NME readers ranked the song as Pulp's fourth best in a fan vote, calling it "a giddy anthem for those who didn't feel they had a voice" and concluding, "Who better to articulate the horror of a bad sexual encounter than Mr. Cocker?" Stereogums Ryan Leas ranked it as the band's fifth best, while Orange County Weekly named the song as the number three Pulp song for beginners.

==Music video==
To promote the release of the track, lead singer Jarvis Cocker asked fans to recount stories of their own "first time" sexual experiences. Cocker explained of the video's concept, "People imagine that celebrities have this idealised life. Again, it's the thing about sex being shown in this idealised light and really you should do it on a beach at sunset and violins are going to be playing. And somehow, if you do it in the back of a Ford Cortina then you've not done it properly. These famous people, all their introductions were as fumbling and untidy as anyone else's."

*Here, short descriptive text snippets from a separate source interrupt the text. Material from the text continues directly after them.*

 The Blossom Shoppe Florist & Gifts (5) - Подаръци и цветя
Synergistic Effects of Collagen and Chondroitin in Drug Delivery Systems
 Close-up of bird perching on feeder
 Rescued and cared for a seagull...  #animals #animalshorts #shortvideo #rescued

A short film was produced by Cocker and Steve Mackey, featuring loss of virginity stories from celebrities including Justine Frischmann, Jo Brand and John Peel; Cocker later called Peel "one of the nicest people I've ever met." This was made available on the Sorted for Films & Vids video, and later the Pulp Hits DVD. Cocker recalled of the video, "I thought maybe people might try and make a joke out of it and not answer very honestly. But everybody answered very honestly indeed. I kind of knew these people vaguely before, but not properly so it's a good way of getting to know somebody by talking about that kind of subject."

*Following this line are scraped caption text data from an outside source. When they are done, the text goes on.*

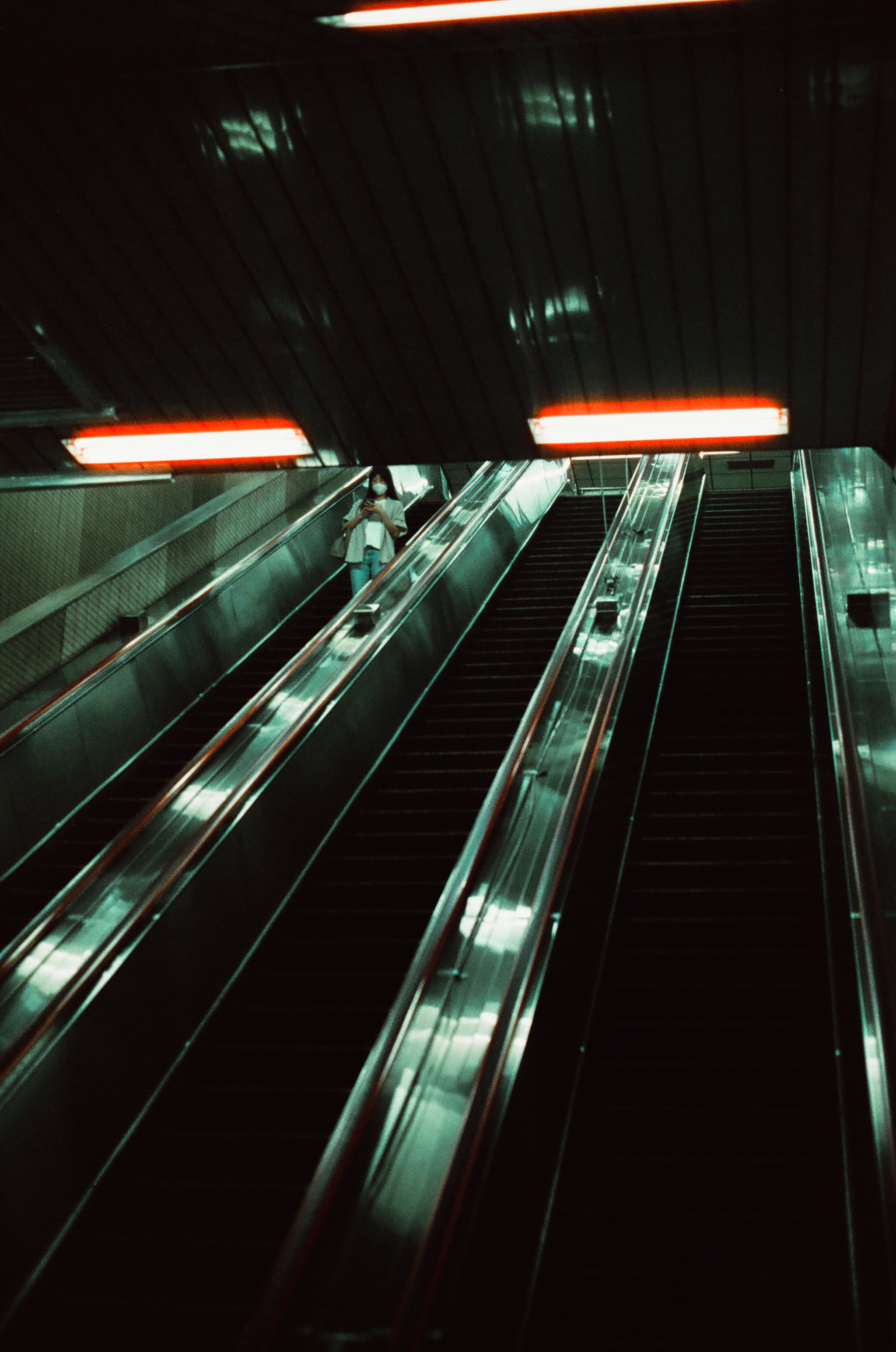 Cinestill 800T / Canon A-1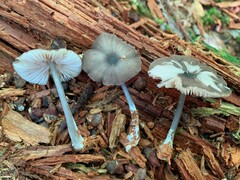 Entoloma fuscosquamosum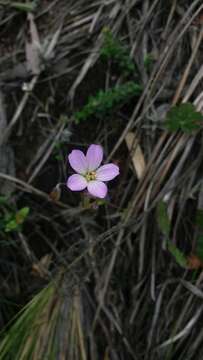 Image of Geranium multiceps Turcz.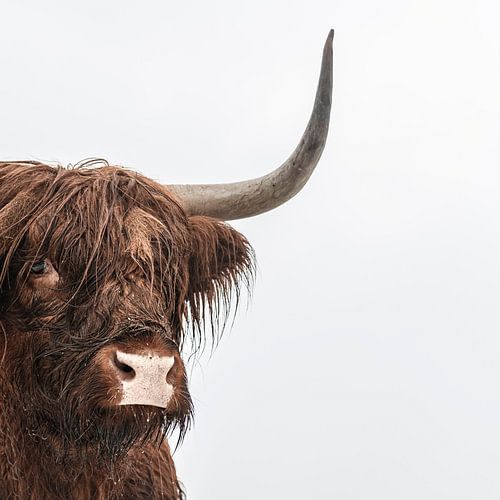 Schotse Hooglander in de sneeuw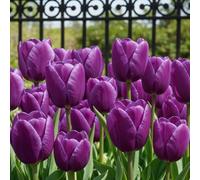 Tulipes simples Violet Passion lilas à violettes, 25 bulbes de Hollande | Corolles élégantes d'avril à mai, à planter en automne au soleil ou à mi-ombre, pour massif, balcon ou pot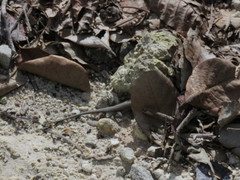 Pholidoscelis fuscatus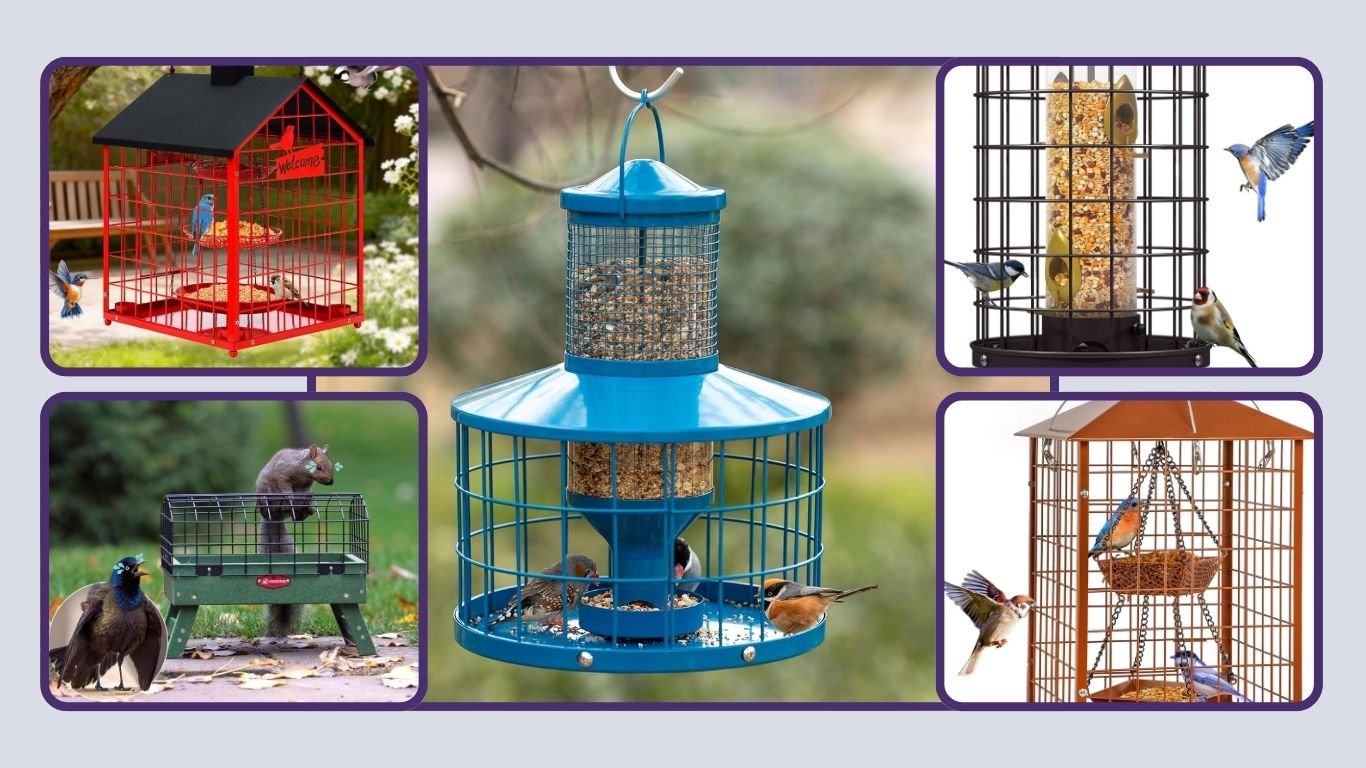 8 Best Caged Bird Feeders for Safer Backyard Feeding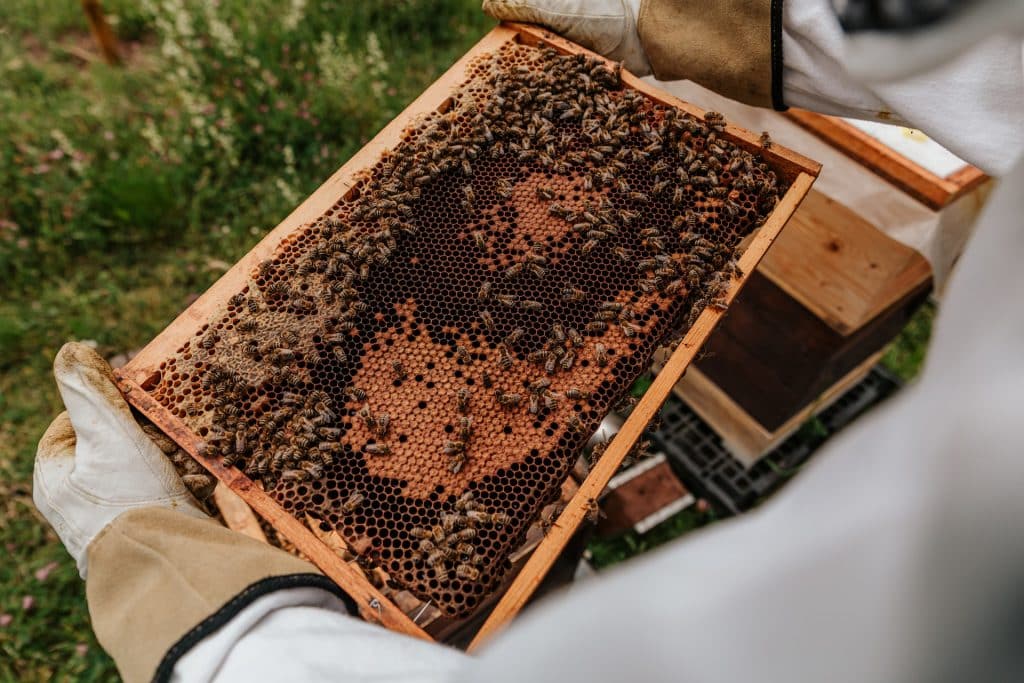 projet apiculture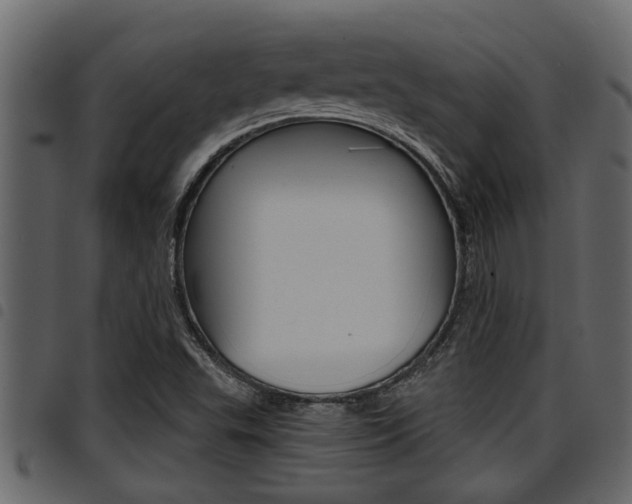 X0000094951503200711291053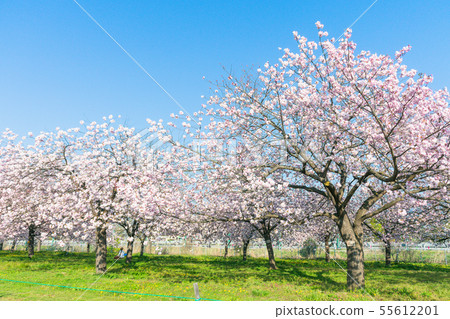 Beautiful cherry blossom trees or sakura blooming Beautiful cherry blossom trees or sakura blooming 55612201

The band had also asked Stephen Fry to appear, but were rejected. Cocker stated, "We got told by his agent really gruffly, 'He does NOT talk about his private life!' Oh, okay, you know."

==Track listings==
All songs were written and composed by Jarvis Cocker, Russell Senior, Steve Mackey, Nick Banks and Candida Doyle; except where noted.

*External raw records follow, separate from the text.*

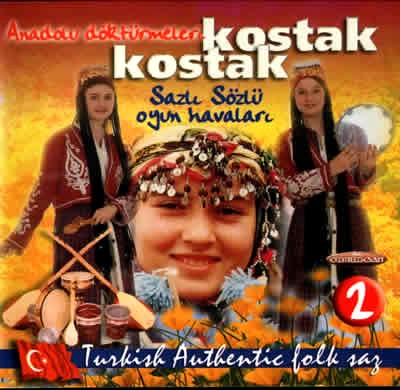 Turkish Authentic Folk Saz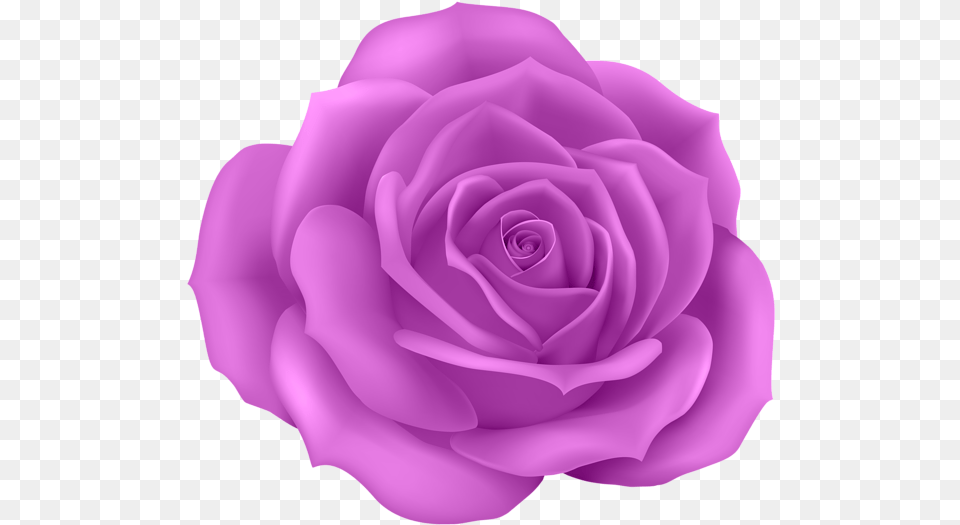 Blue Roses, Flower, Plant, Rose, Petal Png Image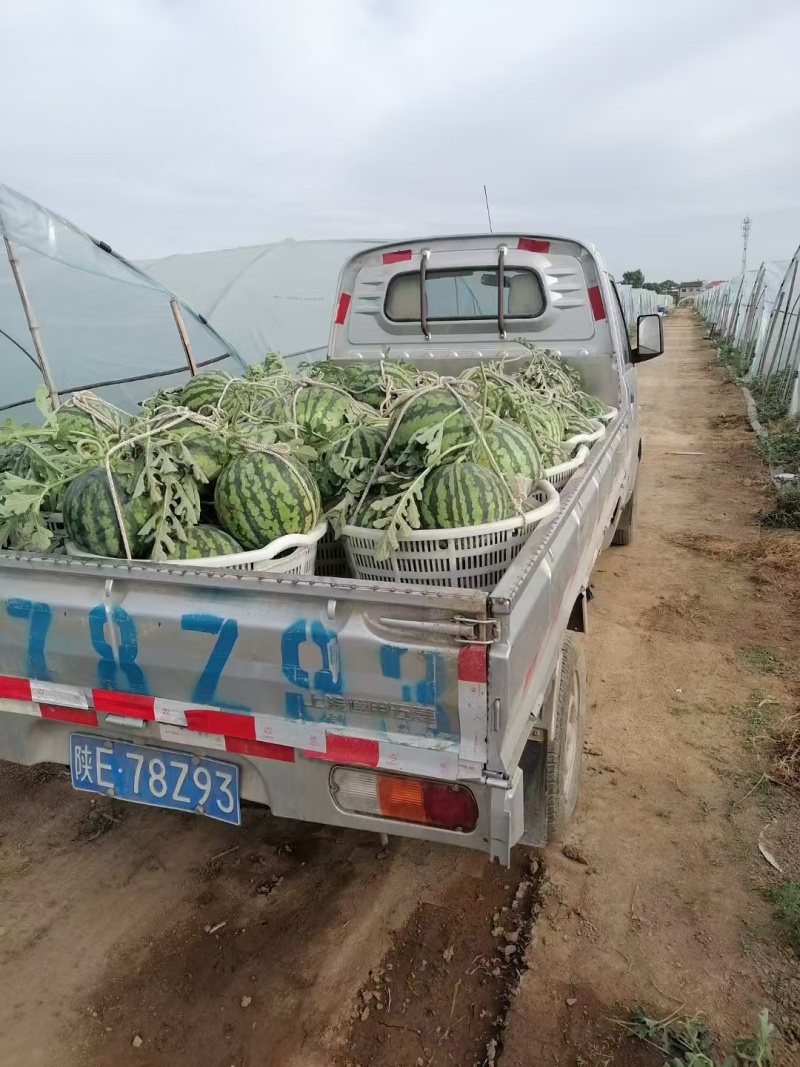宁夏美都西瓜大量接单产地直发，量大从优欢迎来电咨询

- 7-inch and cassette single
1. "Do You Remember the First Time?" – 4:23
2. "Street Lites" – 5:55

- 12-inch and CD single
3. "Do You Remember the First Time?" – 4:23
4. "Street Lites" – 5:55
5. "The Babysitter" – 4:58

- Limited edition French CD single
6. "Do You Remember the First Time?" – 4:23
7. "Razzmatazz" (acoustic version) – 4:05
8. "Joyriders" (acoustic version) – 3:31
9. "Dogs Are Everywhere" (acoustic version) (Jarvis Cocker, Russell Senior, Candida Doyle, Magnus Doyle, Peter Mansell) – 3:05

==Personnel==
- Jarvis Cocker – vocals, guitars, piano
- Russell Senior – guitars
- Candida Doyle – synthesizers, organ
- Steve Mackey – bass guitar
- Nick Banks – drums

==Charts==

| Chart (1994) | Peak position |
|---|---|
| UK Singles (OCC) | 33 |
| UK Airplay (Music Week) | 24 |

==Certifications==

| Region | Certification | Certified units/sales |
| United Kingdom (BPI) | Silver | 200,000^{‡} |
^{‡} Sales+streaming figures based on certification alone.

==Cover versions==
"Do You Remember the First Time?" was covered by British singer-songwriter Sophie Ellis-Bextor for a BBC Radio 2 evening session to celebrate 20 years of Britpop. The song was performed and recorded at the Maida Vale Studios on 10 April 2014 and later released in her Songs from the Kitchen Disco compilation in 2020.